The Stars Group has cited its acquisition of Sky Betting & Gaming as the driving force behind a 74% year-on-year increase in revenue during what CEO Rafi Ashkenazi said was a “landmark” quarter for the company.
Total revenue was $572m (£434.8m/€498.3m) in the third quarter, while gross profit also rocketed 66% from $267m to $442.8m.
Adjusted EBITDA for the three months to the end of September amounted to $198.3m, up 27% on the corresponding period in the previous year, but net earnings dropped 87% to €9.7m.
Reflecting on the results, Ashkenazi (pictured) said: “This was a landmark quarter during a transformative year for the company as we begin to deliver on our vision to become the world’s favourite iGaming destination.
“We completed our acquisition of Sky Betting & Gaming, which was cleared by the CMA in October, making us the leader in the UK online betting and gaming market. We also launched BetEasy in Australia and sports betting in New Jersey.”
“We are pleased with our quarterly results, which reflect both continued organic growth from our International business and contributions from both BetEasy and Sky Betting & Gaming, despite unfavourable sporting results during the period.

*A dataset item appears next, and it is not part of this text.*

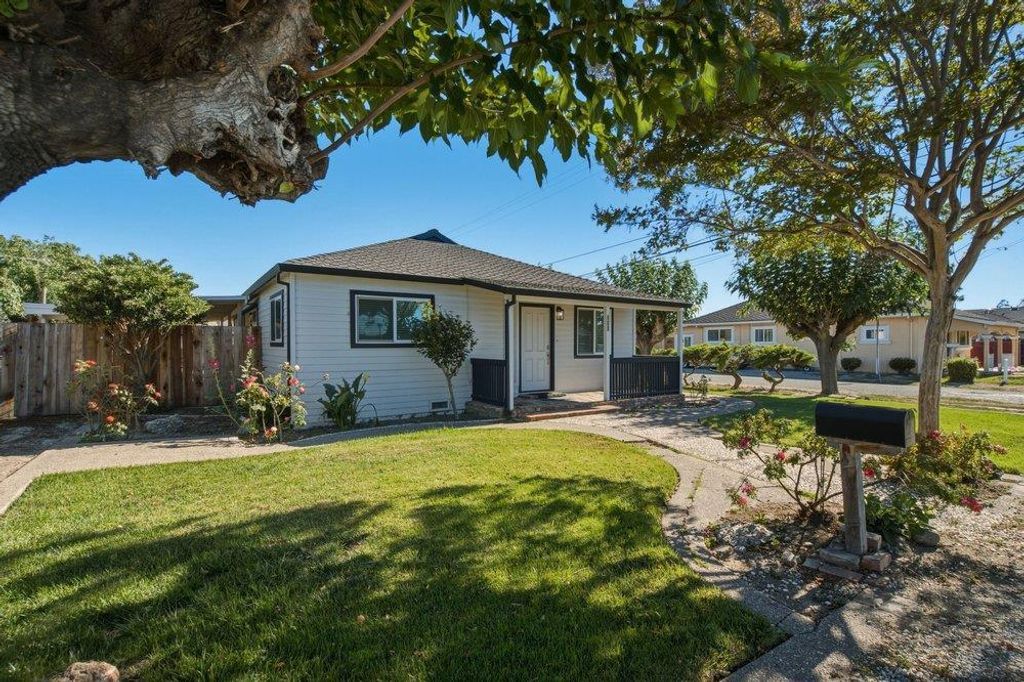 311 Santa Ana Road, Hollister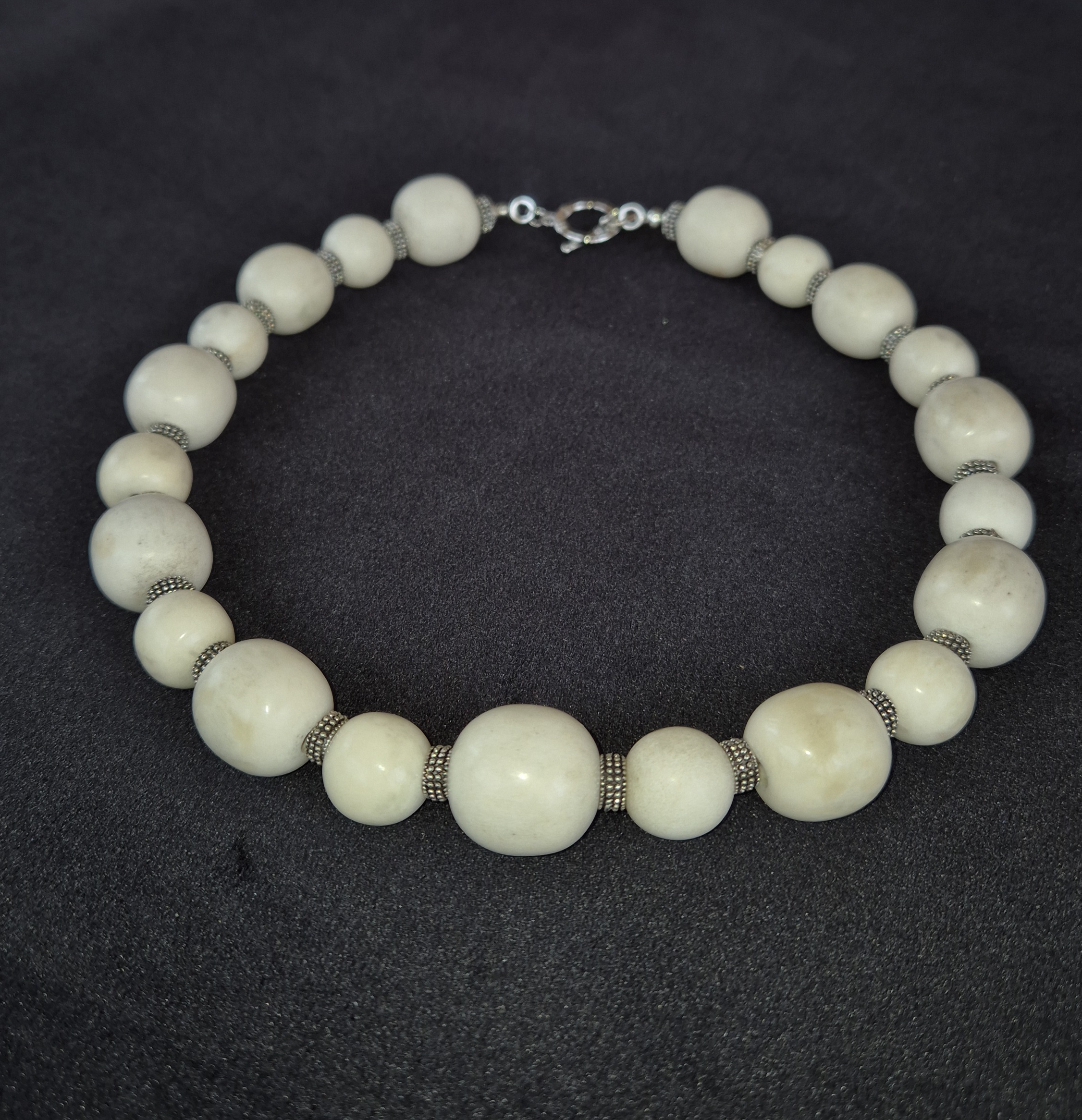 Karoliai iš briedžio rago / Moose antler necklace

“As we continue our transformation and look towards 2019, we are excited to take advantage of the opportunities ahead of us by leveraging our leading positions in attractive markets, strong brands, technology and operating expertise.”
Ashkenazi expanded on this in an investor call, picking out a number of key markets where Stars hopes to grow during 2019. These include Pennsylvania, where the firm has applied for a licence ahead of an expected launch across all verticals next year.
Stars is also seeking to build on its early success in New Jersey, as well as take advantage of re-regulation in Sweden, where it has also applied for a licence ahead of relaunch in January.
Ashkenazi added: “We operate in attractive markets with high potential growth rates. We believe we can replicate our success in new markets as they open up.”
Brian Kyle, who was appointed chief financial officer at Stars last May, built on this to say that the company has a number of strategies in place to help it cope with regulatory changes in markets around the world.
Kyle cited the increase of remote gaming duty in the UK from 15% to 21% as one of these challenges, saying that Stars expects EBITDA to be hit by £30m before mitigation.
However, analysts from Regulus also gave their opinion on the third-quarter performance, suggesting Stars had “learnt the hard way” that sports betting is more volatile than gaming.
Regulus noted a cumulative impact of $40m from poor results in the UK and Australia, and with a tough Q4 expected, it is “unlikely” a strong growth pro-forma growth profile will emerge until 2019.
Analysts also said Stars is facing “tough but well understood fiscal-regulatory headwinds” in its three key POC markets of the UK, Australia and Italy, while continuing to support a material .com tail, particularly in Russia and Germany.
However, given Stars’ decision to pivot into “proven mass markets” and gain scale in sports betting, the company “has the capability to deliver sustainable growth”.
Regulus said: “We believe the key test for the group now is to transform a series of highly distinctive businesses into a cohesive whole, without (unnecessarily) undermining the culture or cash flow of any of the core constituent parts.
“This challenge should not be underestimated, but it is a much better problem to have than a heavily indebted .com business reliant on a declining core product.”